EDIT: Let's consider that "supply and demand" has artificially increased the price of programmers above their value. It's now a losing proposition for a company to continue to employ a programmer as the company is losing money, so the demand goes down and with it the price.

Conversely let's consider that the price of a programmer is artificially lower than his value. Any new company can come along and pay a bit more (but still less than actual value, for now!) and attract the best programming talent. Other companies must keep up in order to keep the talent, so the price returns to the actual value to the company.




> Other companies must keep up in order to keep the talent, so the price returns to the actual value to the company.

Uh, no, that is not how supply and demand works. See <http://en.wikipedia.org/wiki/Economic_surplus>.

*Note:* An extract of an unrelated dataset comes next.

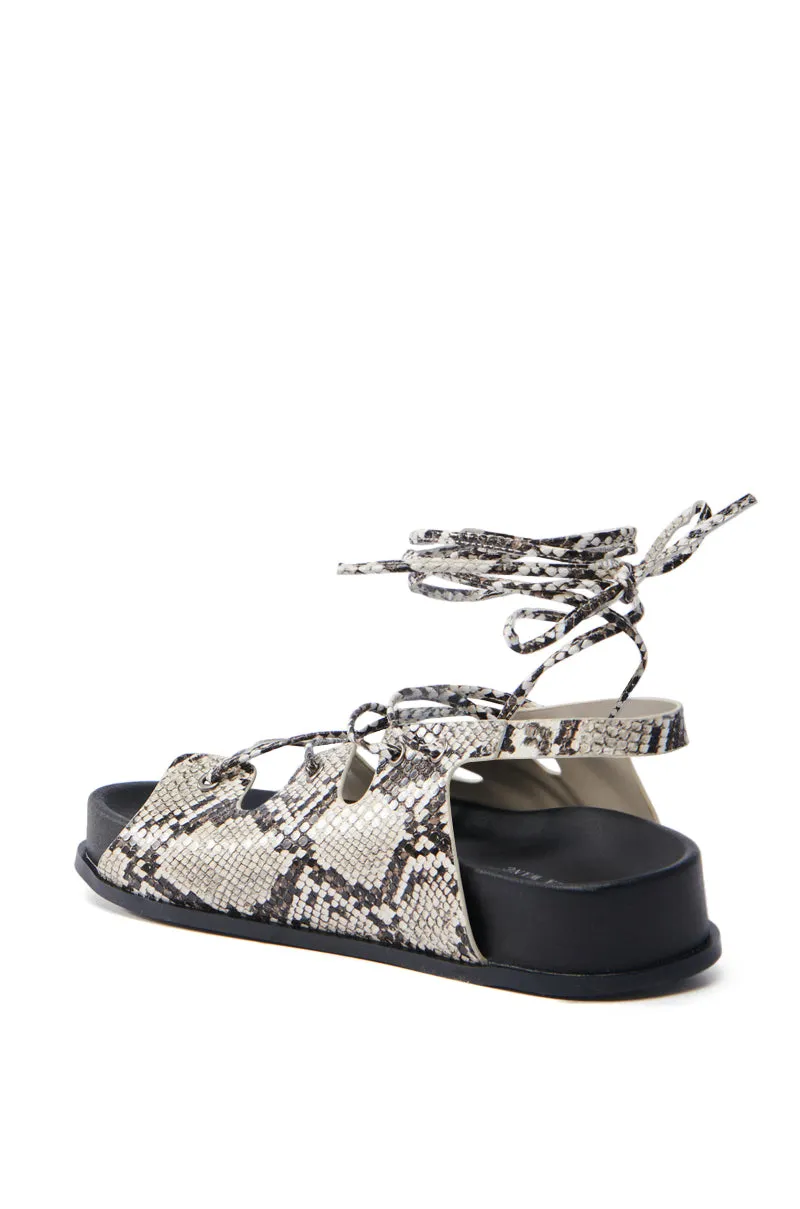 AKIRA YUNA RHINESTONE FLOWER EMBELLISHED SANDAL sold by AKIRA product image thumbnail 5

The gap between what people are willing to pay vs. what people are willing to sell for is often substantial. People spend a lot of time fighting over the distribution of the value in that gap between consumers and producers (see, e.g., price discrimination).


Is "in an efficient market" the economic equivalent of the programmers' "with a sufficiently smart compiler"? It seems to be used in the same manner in arguments.


You need the concept of perfect market (or other models) to reason about things. "In a perfect market, x happens. y is not in line with the perfect market, so eliminating y (c)/(sh)ould bring us closer to x".

Replace x with "fair salaries" and "y" with "Tech companies making non-poaching agreements"


You seem to be confusing "demand" with "quantity demanded", at least in your wording.